Handling NVARCHAR MAX Columns in Synapse

When working with Synapse, it’s important to address how the system manages NVARCHAR MAX columns, as this aspect significantly impacts the utilization of column store indexes. Unlike some other platforms, Synapse cannot use NVARCHAR MAX columns directly as an index within column store indexes. This limitation arises due to the way Synapse handles large object (LOB) data, which includes NVARCHAR MAX types.

Key Considerations:

Source System Data Types: Often, source systems define columns as NVARCHAR(MAX). While this allows for flexibility in storing varying lengths of character data, it poses challenges for indexing and performance optimization in Synapse.
Column Store Index Compatibility: To leverage the full capabilities of Synapse’s column store indexes, it’s crucial to avoid using NVARCHAR MAX columns directly. These columns are not supported for indexing due to their potential size and storage requirements.

Recommended Workarounds:

Use Alternative Data Types: Where possible, consider using specific NVARCHAR lengths instead of NVARCHAR(MAX). Defining a maximum length that suits your data requirements can ensure compatibility with column store indexes while maintaining efficient data storage and access.
Convert Columns in Staging: For cases where NVARCHAR(MAX) columns are unavoidable, perform a conversion in a staging area. This involves creating derived columns with a defined NVARCHAR length that is suitable for your data but within the limits that Synapse supports for indexing.

Hashtypes in Synapse

When using the datavault4dbt package with Synapse, you must adjust the data types for hash keys due to compatibility issues. The default hash type configuration in the package uses string or VARCHAR, which is not supported by Synapse in our implementation.

Key Considerations:

Default Configuration: Typically, hash keys are set as string or VARCHAR in the package.
Synapse Compatibility: These data types are not supported for hash keys in Synapse within our package.

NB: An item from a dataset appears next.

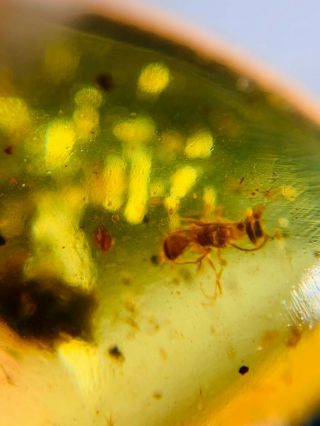 wasp bee&spider Burmite Myanmar Burmese Amber insect fossil dinosaur age 2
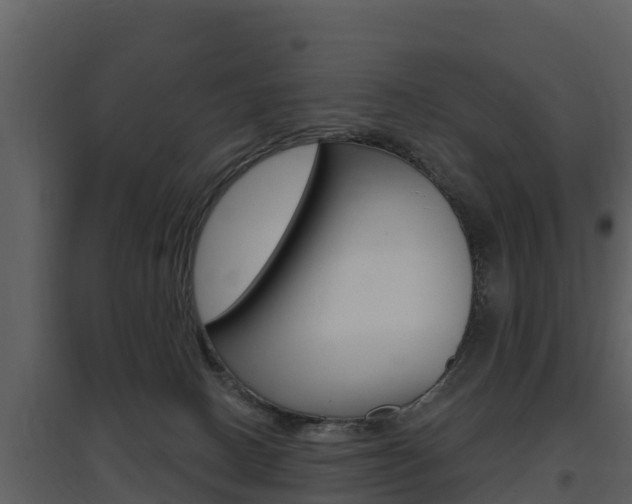 X0000097850082200803140907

Recommended Configuration:

Switch to binary(16): For successful deployment on Synapse, change the hash key data type (datavault4dbt.hash_datatype) in your dbt project yaml configuration to binary(16). This ensures compatibility with the Synapse environment.

Indexing

Synapse wants to index your keys by default. To make it work out of the box with our package you need to configure that in the project yml file.

Recommended Configuration:

Set Index to HEAP: In your project.yml under your schemas, set the index to heap. This is tested and working. For that add the Index key right under datavault4dbt in the hierarchy. Like this: models: datavault4dbt: index: HEAP Make sure that the indent is correct. Other index options might be available, use them as needed and check the synapse documentation for further information.